Thursday, February 19, 2015

Which Way Did I Go?

Are you an outliner or a seat-of-the-pantser? Have you ever tried to do it the other way? What happened?

I graduated college with a degree in mechanical engineering. I like plans, schematics, and spreadsheets. Formulae, laws of physics, straight lines, sharp corners, curves described by elegant mathematics. I believe in ORDER.

My name is Alan, and I’m an outliner.point a to point b

If I tried to write something without an outline, I have full confidence it would devolve rapidly. I’d start writing a scene, and everything would be fine for a few  minutes, but before too long it would go flying off the rails.
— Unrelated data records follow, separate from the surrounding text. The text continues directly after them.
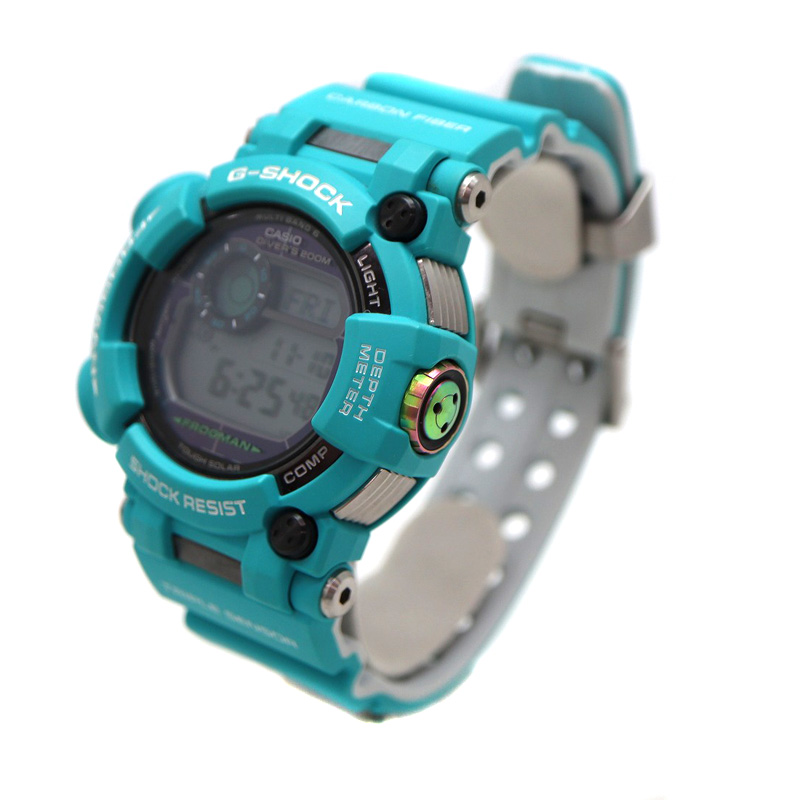 質屋かんてい局オンラインショップ / 茜部店 カシオ Casio GWF-D1000MB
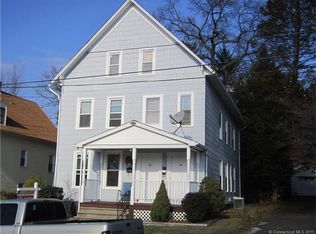 112 Park Ave, Meriden, CT 06450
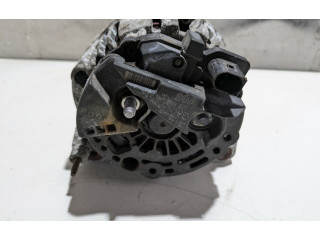 Генератор 037903025F, 0124325011   Audi A2      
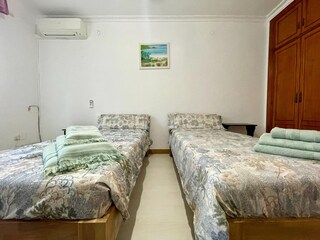 Apartment Begur Ausstattung 18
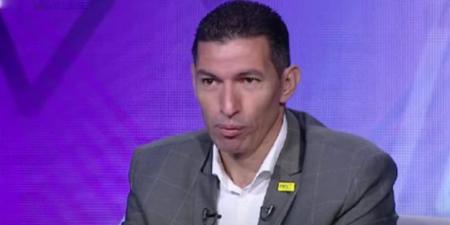 جهاد جريشة: لو كنت مكان عصام عبد الفتاح لاخترت محمود عاشور لتطوير الفار - المدينة برس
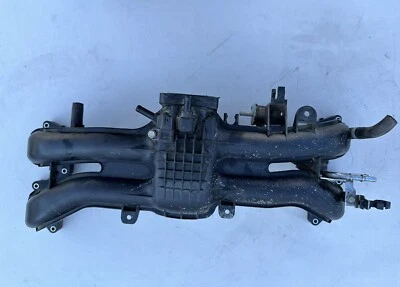 Colector de admisión de motor Subaru XV CROSSTREK 2013-2017 2,0 L SAEPA6-GF30 OEM Foto 1 de 4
For instance, have you ever had an argument with someone, but ten minutes later, you’ve miraculously switched positions? Which reminds me of a book I read once, where the characters’ back stories kept shifting, making following the chain of events difficult, at best. Not as difficult as rocket science, but still hard. Did you ever wonder how these advanced 3-D rendering technologies have changed the way engineers design rockets? And rockets are way, way cool. Maybe I should write a book about people hijacking a rocket and settling on Mars. Mmmm, Mars. I do like their chocolate. And if anyone is interested, I prefer dark chocolate. I understand it’s actually healthy for you. And I’m all about the health. Hey! Squirrel!

But I digress. (If you couldn’t tell, I often write these blog posts by the seat of my pants.)

Now, where was I?

Oh, yes. Outlining. I outline, but when I say I “outline,” it’s not like how we were taught in third grade. Nothing formal whatsoever—no Roman numerals, no subsection 12-G-IV-c, no indenting. First, I map out how the story begins. Then I plot out how the story ends. I also like to pencil in some of the major turning points along the way. Then I fill in the scenes that connect these “tent poles.”

Sometimes I have a good idea what a scene should contain, but often my outline consists of little more than: “Scene 14: Joe and Sue meet in the old chemical plant. Joe tells her something shocking, and Sue runs off, slips, and falls into a vat of hydrochloric acid.”

I should make it clear that I’m not a slave to my outline. I view it as a living, almost-breathing entity. When things change (and boy, do they ever), I change right along with them (or should I say, I change my outline right along with them). In my writing workshops, I tell outliners that if things aren’t working, consider changing your outline. (Similarly, I tell pantsers they need to change their pants (ba-da-bing!).)

Sometimes I wish I had the ability to just sit down and start writing (with the reasonable expectation of producing something decent). That’s right, on some level, I envy the pantsers. So carefree. So happy-go-lucky. So…Bohemian.

But even if I did write more by-the-seat-of-my-pants, I don’t think anyone would ever confuse me with a free-wheeling, spontaneous artiste. And that’s something I’ll just have to learn to live with.

(This entry is “simul-posted” on Criminal Minds.)


Thursday, February 5, 2015

It is Fun to Have Fun (But You Have to Know How)

Sophie Hannah continued Poirot and Sebastian Faulks continued Bond. What character would you most like to write about, if the estate asked you?

The idea of taking over for a deceased writer is not a new one to me. When I was in sixth grade, my best friend John and I decided to write a sequel to WAR OF THE WORLDS. (I have to admit, we didn’t bother securing the rights from the HG Wells estate; we forged ahead anyway.) We finished about three pages before we took a break to play basketball. That break lasted decades. (I'm happy to say John is still one of my most valued advance readers.)

I think there would be a ton of pressure if you took over a successful/beloved series. Unless you totally nailed it, a lot of people would have issues with something or other. And if you’ve ever read a thread on any Internet forum or social media site, you know that most of those people with strong opinions are not shy about sharing them. Repeatedly. AND LOUDLY. AND DID I SAY REPEATEDLY AND LOUDLY????

I would have loved to take over one of Robert B. Parker’s series, but others beat me to it (not that I would have been asked anyway!). Ace Atkins does a great job carrying on the Spenser series, and my pal and terrific writer, Reed Farrel Coleman, has taken over the Jesse Stone series.meandthecat

There is one other character I’d love to write about and I think I’d do a pretty good job—the Cat in the Hat (see photo: I even met him!). So if there happen to be any representatives from the good doctor’s estate reading this blog, please consider the following recent Facebook post as my “audition.” (I await your call.)

Go, Go, Snow

I do not like it on the streets,
I do not like it on my feets,
I do not like it on my hair,
I do not like it anywhere,
I do not like it on the ground,
I do not like it in a mound,
I do not like snow, not one iota,
I guess I should move to Sarasota.

(This entry is “simul-posted” on Criminal Minds.)